In any case, she was good enough to speak with me, and what she had to say was worth repeating, so I've transcribed a slightly edited version of our conversation below (it was raining, I was in my car...).

The highlights: Mayer reiterated that Google is not going to fiddle with its organic results in any way, and that banner or animated ads will not appear on Google.com or on search results pages. However, she did say that such ads may well appear on other Google sites, noting that the deal terms specifically mention Google Video and Google Image search as obvious candidates.

We then got into the OneBox, which has always been something of a mystery to most.
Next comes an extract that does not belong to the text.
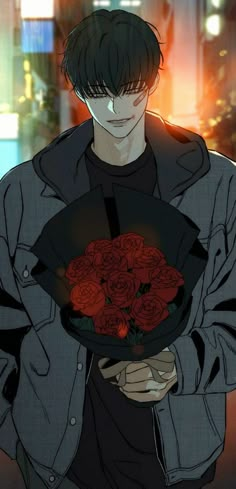 a man holding a bunch of red roses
I'll let the conversation stand on its own on this point, but I had done some recent reporting which indicated that deals are indeed done inside the OneBox, which was not a surprise to me, per se, but it was news. I asked Marissa about this and the AOL deal, and she clarified how OneBox inclusion works below.

This may well be the heart of the deal, beyond the amount of revenue guaranteed (yes I asked, and no I did not get the answer). As Mayer pointed out, while the deal terms have been agreed to and announced, the final contract has not been written. I am sure when it is, the devil will quite literally be in the details. I've been in on these kind of deals. When the lawyers swoop in, things can go, well, astray. But I sensed from my talk with Marissa that in the end, this deal is between two parties who in fact believe they belong together. We'll all be watching, of course, as those devilish details begin to emerge over the coming months.

---------

Thanks for taking time away from your vacation. First of all, just to get it for the record, you clarified in the blog post that there is not shift to the organic results due to this deal.

Definitely.

Also you made a clarification about banner ads, but it was not clear to me if that applied to just Google.com or other Google properties.
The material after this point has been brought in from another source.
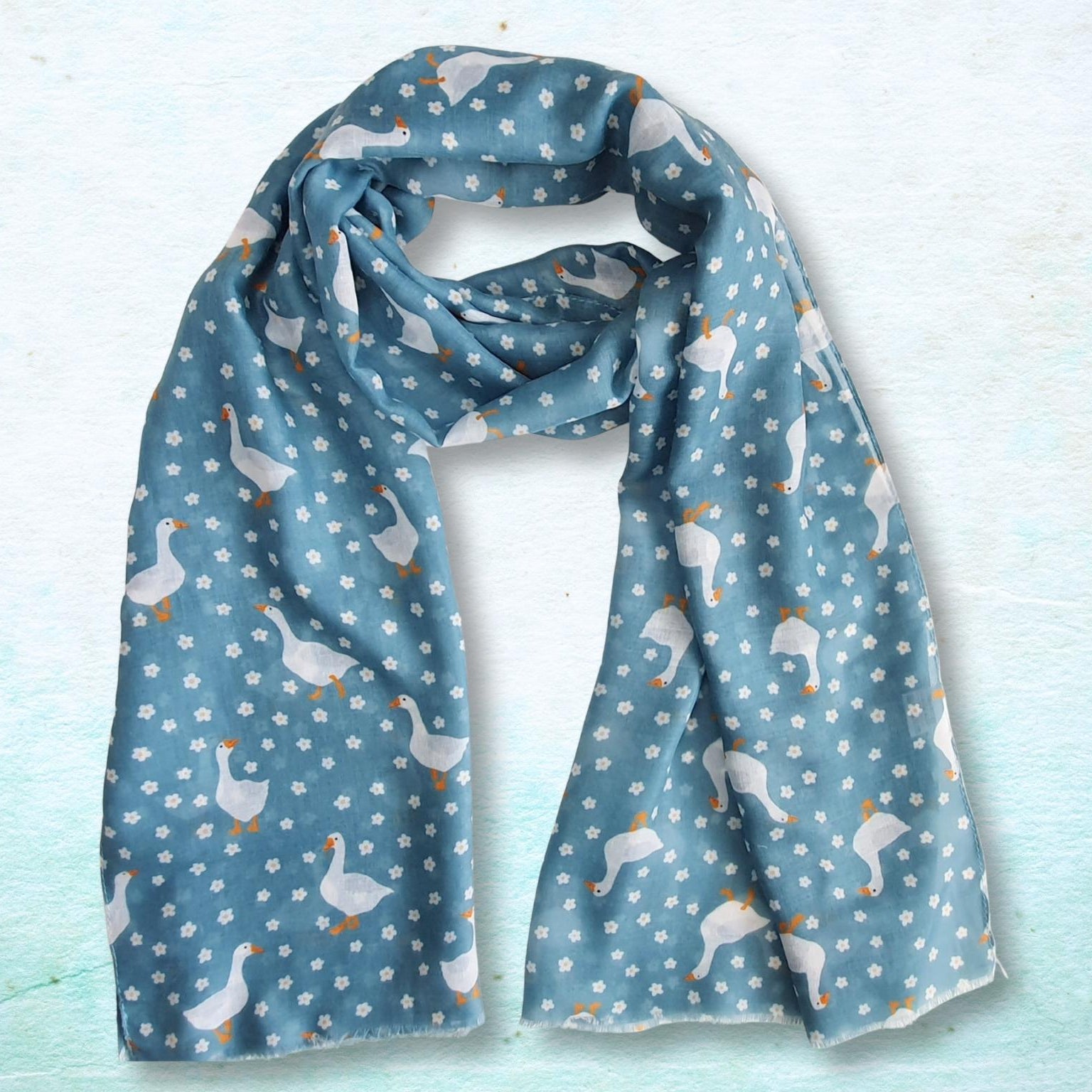 Blue scarf with duck pattern on a light blue background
So, with banner ads we are comfortable saying that they will not appear on the home page and that they will not appear on the result pages.

They might appear on Gmail or Google News, or somewhere else but not …

Gmail and Google News weren’t thrown out (as examples). What we actually agreed to and committed to in the contract is that we would experiment with showing banner ads on properties where we think they are more suitable. And the two properties that are specifically mentioned as an “e.g.” are Google Image search and Google Video. Which kind of makes sense - if you are looking at pictures or videos it makes more sense to have a picture ad or an animated ad

Or even a video ad, perhaps.

Exactly.

OK, let’s dive into the OneBox, it’s kind of a box of mystery. People are always wondering, “How are those links chosen?” Say for example, for the travel OneBox, how are those links to Expedia or Travelocity chosen? I’ve had recent conversations with folks there (at Google) and I’ve learned that sometimes deals are actually done for the OneBox. They are not money deals, I am told, but more traffic for data, for weather, for example. So deals are actually done for the OneBox, is that correct?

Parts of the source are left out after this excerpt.